Nuts and bolts have been used in a wide range of steel structures for many years. However, these structures remain susceptible to fire damage. Conducting fire experiments on steel structures is costly and requires specialized equipment. The main objective of this research is to test, analyze and predict the behavior of ASTM A325 bolts in tension under simulated fire conditions and develop a reliable finite element model that can predict the response of similar bolts without the need for repeated testing. The experimental work was conducted at the University of Wisconsin-Milwaukee; a furnace was custom-built to test a bolted specimen under tension loading. The tests were divided into two groups, the first one was used to calibrate the equipment and choose a final testing arrangement; the second group, consisting of four identical tests, was used to validate the finite element model. The temperature-displacement and load-displacement response was recorded. The tested bolts exhibited a ductile fracture in which a cup-and-cone shaped failure surface forms in the threaded section, at the root of the nut.
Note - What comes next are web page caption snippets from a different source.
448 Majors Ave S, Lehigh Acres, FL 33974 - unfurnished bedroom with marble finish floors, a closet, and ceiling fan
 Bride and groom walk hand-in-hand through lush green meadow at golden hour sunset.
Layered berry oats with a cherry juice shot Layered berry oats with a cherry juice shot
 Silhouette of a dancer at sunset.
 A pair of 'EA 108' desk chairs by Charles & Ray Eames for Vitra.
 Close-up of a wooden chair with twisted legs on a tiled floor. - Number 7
A parametric three dimensional finite element model simulating the tested specimen and attachments was constructed in the ANSYS Workbench environment. The model included the intricate details of the bolt and nut threads, as well as all the other components of the tested specimen. A pretension load, a tension force and a heat profile were applied to the model and a nonlinear analysis was performed to simulate the experiments. The results of the FE model were in good agreement with the experimental results, deviations of results between experimental and FE results were within acceptable range.